Model                  | Prefill (t/s)  | Decode (t/s)   | Status  
=================================================================
Qwen3.6-27B            | 55.3           | 10.3           | OK      
Qwen3.6-27B-MTP        | 47.8           | 20.0           | OK      
Qwen3.6-35B            | 153.1          | 42.3           | OK      
Qwen3.6-35B-MTP        | 136.6          | 58.2           | OK

[-]

overand@reddit

What's your prompt processing speed like?

[-]

Edenar@reddit (OP)

With vulkan + radv and qwen 3.6 Q8 from the post (and MTP up but it shouldn't change pp much)
-700 tok/s for 20k context
-240 tok/s for 215k context (14min47s pp)
With rocm (MTP, same model)
-850 tok/s with 10k context
-261 tok/s for 215k context (13min40s pp)

[-]

overand@reddit

Not a speed demon, but competent. Thanks for sharing! (And, yeah - I'd assumed MTP woudn't affect PP, but, I'm just a dumdum, so who knows!)

[-]

silverud@reddit

I tested that PR out, and the two Qwen models on am17an's repo.

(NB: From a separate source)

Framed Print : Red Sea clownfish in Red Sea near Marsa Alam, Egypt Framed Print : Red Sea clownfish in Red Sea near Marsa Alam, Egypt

Performance was not great on a Macbook M3 MAX w/ 128gb of unified memory. I managed to hit 61t/s on 35B-A35, but I had to set the --spec-draft-n-max to 1 to do that. Values of 2 or higher got me the same or less performance than I get from a stock Q8_0 GGUF copy of 35B-A3B.

[-]

metigue@reddit

Prompt ingestion tps? Just curious about strix halo

[-]

Edenar@reddit (OP)

Qwen 3.6 35B is around 1000-1200 tok/s pp for low context (with rocm ! right now i'm testing radv since token gen is higher with it).
Just did a stupid test with qwen 3.6 35B (Q8 MTP quant from the post, MTP UP) : dumped almost the entire first book of pandora (peter f hamilton) and asked it to summarize it.
It took 14min47s to proceed 214 824 tokens (242 tok/s on average but was far faster early on). Then it generated 3 352 tokens at 28.76 tok/s (1min 56). I will patch the rocm image with the MTP PR to see if it's better.

[-]

Rattling33@reddit

Wow niiice!

[-]

EarAdministrative742@reddit

quality is same?

[-]

Edenar@reddit (OP)

i believe so yes

[-]

Everlier@reddit

thats pretty nice, looking forward to trying it out!